By Racinguk.com staff
William Haggas' Duke of York winner was sent off at 9-1, having been narrowly denied by The Tin Man in the Diamond Jubilee at Royal Ascot.
However, he was one of several leading fancies for the Group One to under perform behind impressive winner Harry Angel.
According to Simon Rowlands, the sectional timings journalist, every horse in the July Cup ran more slowly in the opening three furlongs than every horse in the opening half of the July Stakes for juvenile colts and every juvenile filly in the Duchess Of Cambridge Stakes. Both of those races are staged over the same 6f distance.
Tasleet ran the first three furlongs in a pedestrian 38.09 seconds, and then finished in 34.07s.

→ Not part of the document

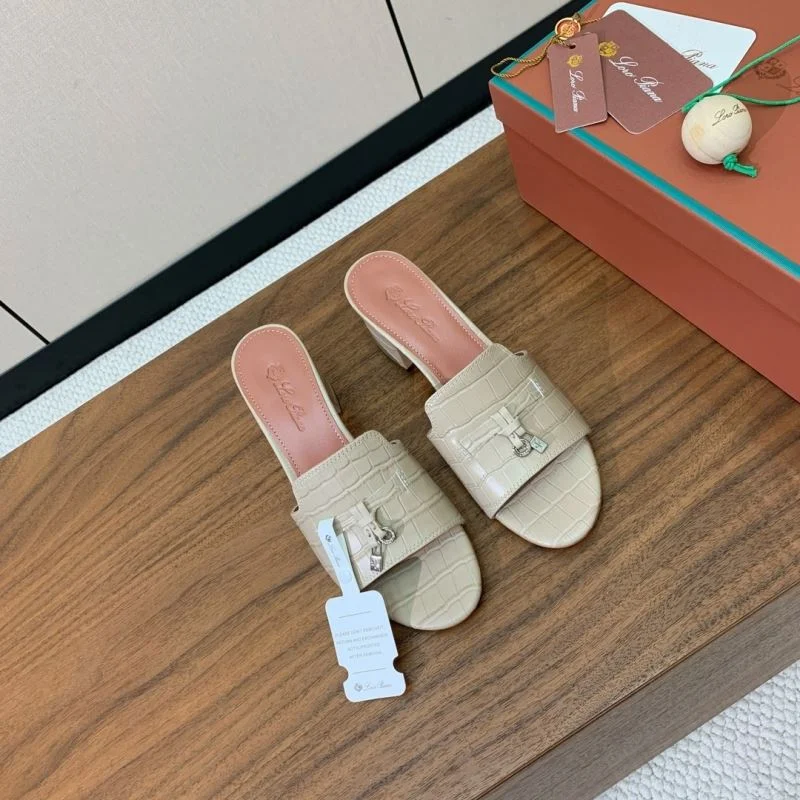 Loro Piana Sandals Supportive 12017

"It was a strange race, they went very slow," Crowley said.
With Aidan O'Brien having a pacemaker, I was surprised how slow we went early on.
"He was very keen, he needs a strong pace and is probably at his best with a bit more juice in the ground as we saw at York.
"He'll live to fight another day and come back.
"When you see them all finish in a bunch, it shows how steady we went - take nothing away from the winner, though, because he's a very good horse.
"With the likes of Caravaggio, he looked like he'd have been suited to a stronger pace and it was the same with Tasleet.
"The Prix Maurice de Gheest could be one of his targets over six-and-a-half and if it comes up soft in races like the Haydock Sprint Cup and on Champions Day, he'll come right into it."
Angus Gold, racing manager to owner Sheikh Hamdan Al Maktoum, also felt the track at Newmarket may not have played to Tasleet's strengths.
He said: "He was too keen, as you could see, and that was definitely something to do with the pace. For me, though, he has never particularly liked contours on a track.
"He seems to have a better action on a flat track. Jim Crowley said going down the hill he just backed off him."